WORK REQUEST: Restate word for word the entries below, starting at the line with "Used JMEV GSE" and ending at the line with "Melts my Heart". Keep both end lines and omit the pictures.
PROVIDED RECORDS: Begin
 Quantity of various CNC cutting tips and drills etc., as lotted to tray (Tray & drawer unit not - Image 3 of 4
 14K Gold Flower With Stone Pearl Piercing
PROVIDED RECORDS: End
PROVIDED RECORDS: Begin
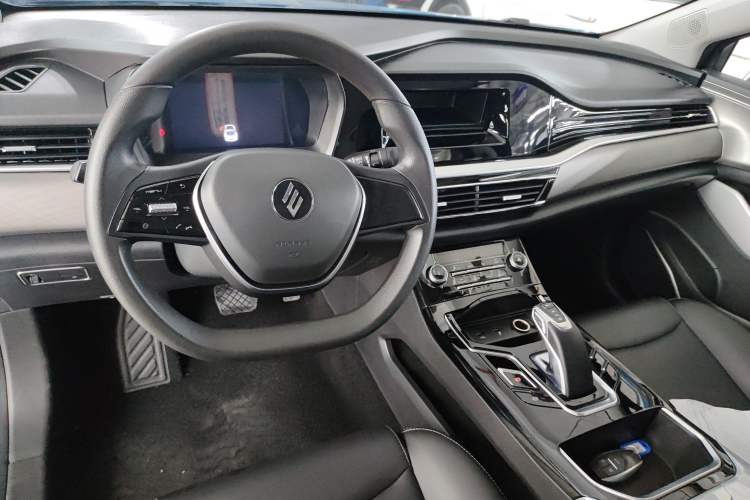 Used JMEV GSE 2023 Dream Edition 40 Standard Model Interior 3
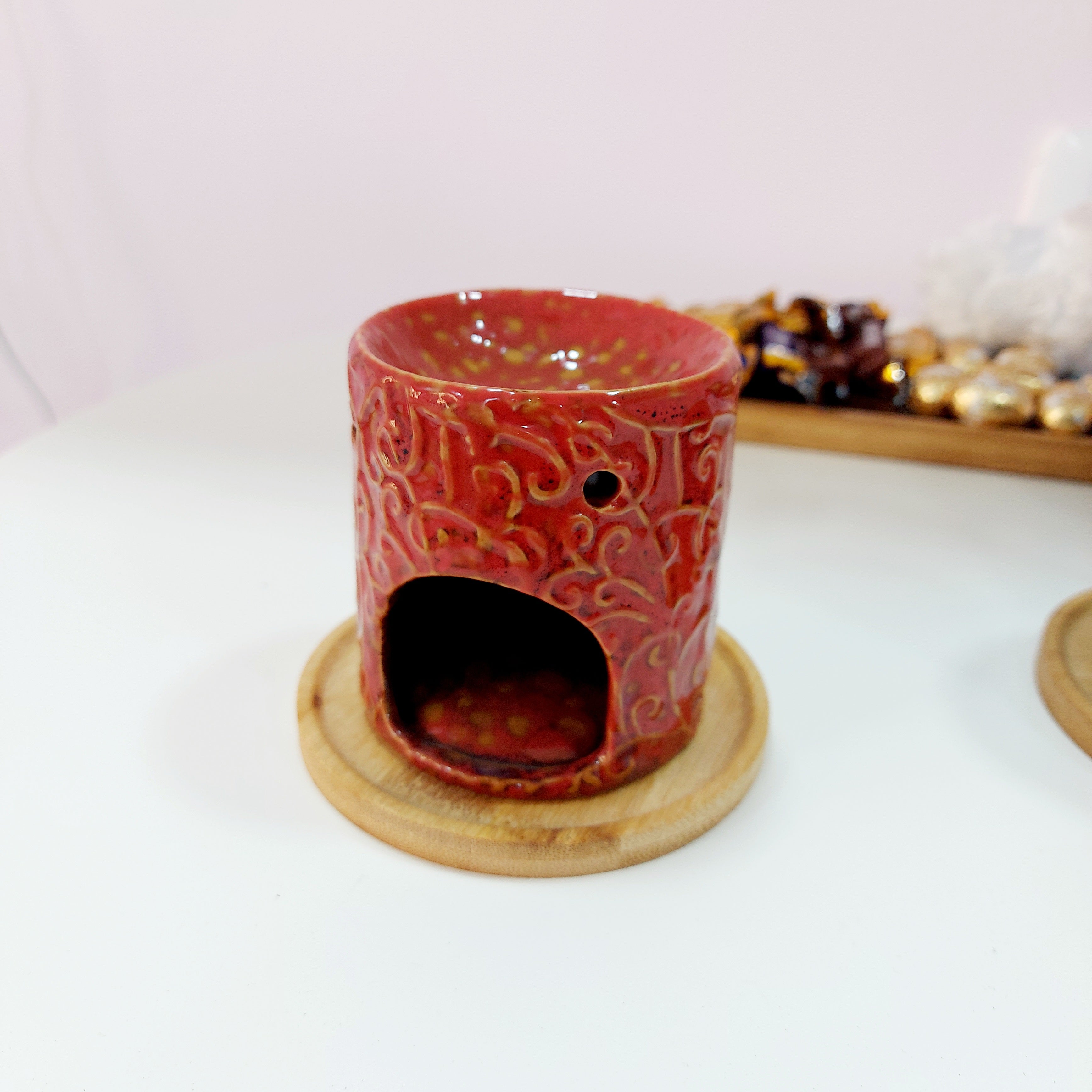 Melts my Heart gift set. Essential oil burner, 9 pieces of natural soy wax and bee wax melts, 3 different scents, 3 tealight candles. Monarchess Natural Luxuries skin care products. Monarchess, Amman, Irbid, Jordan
PROVIDED RECORDS: End
PROVIDED RECORDS: Begin
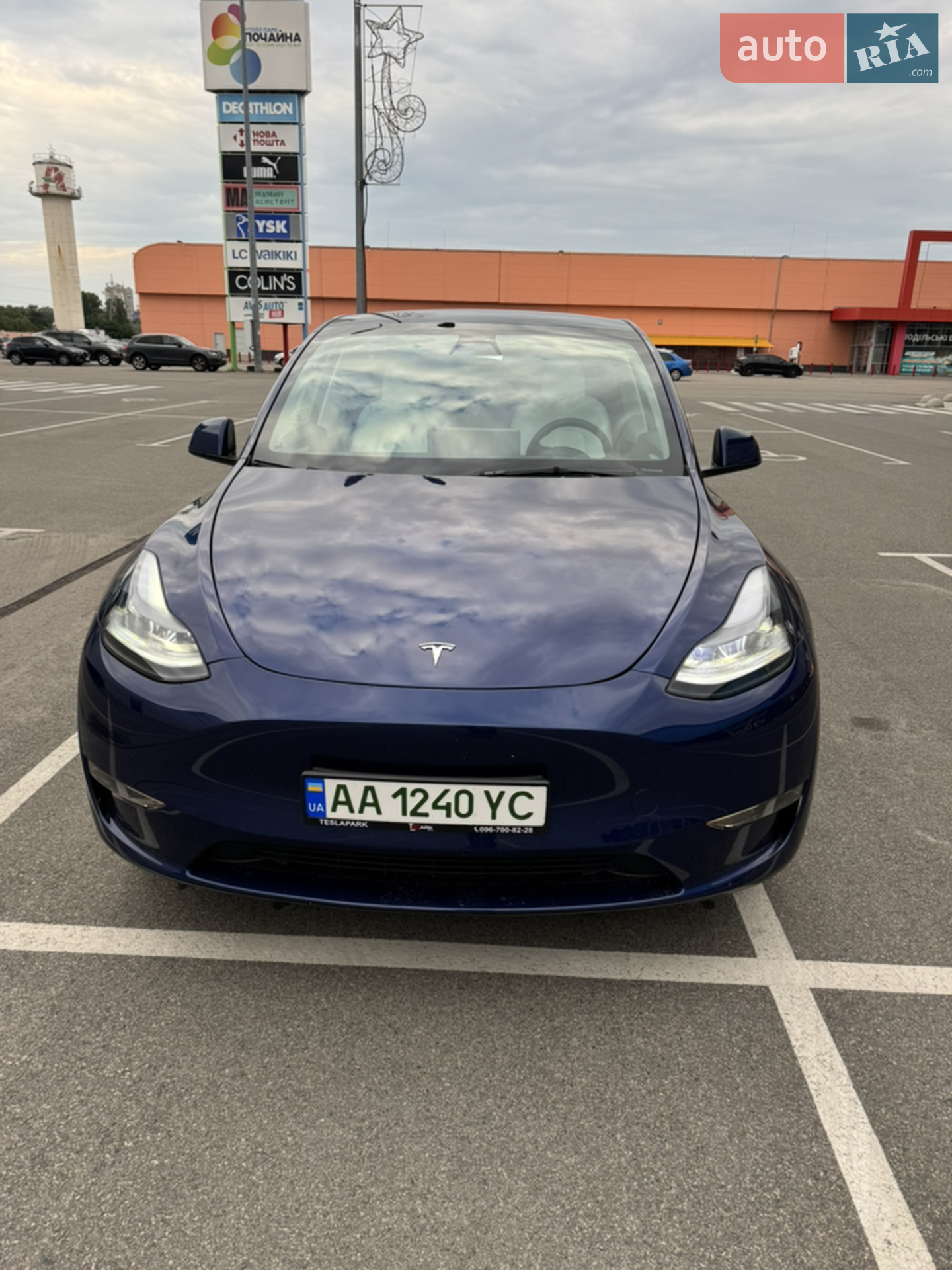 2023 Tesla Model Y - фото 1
PROVIDED RECORDS: End
OUTPUT FOR THIS TASK:
 Used JMEV GSE 2023 Dream Edition 40 Standard Model Interior 3
 Melts my Heart gift set. Essential oil burner, 9 pieces of natural soy wax and bee wax melts, 3 different scents, 3 tealight candles. Monarchess Natural Luxuries skin care products. Monarchess, Amman, Irbid, Jordan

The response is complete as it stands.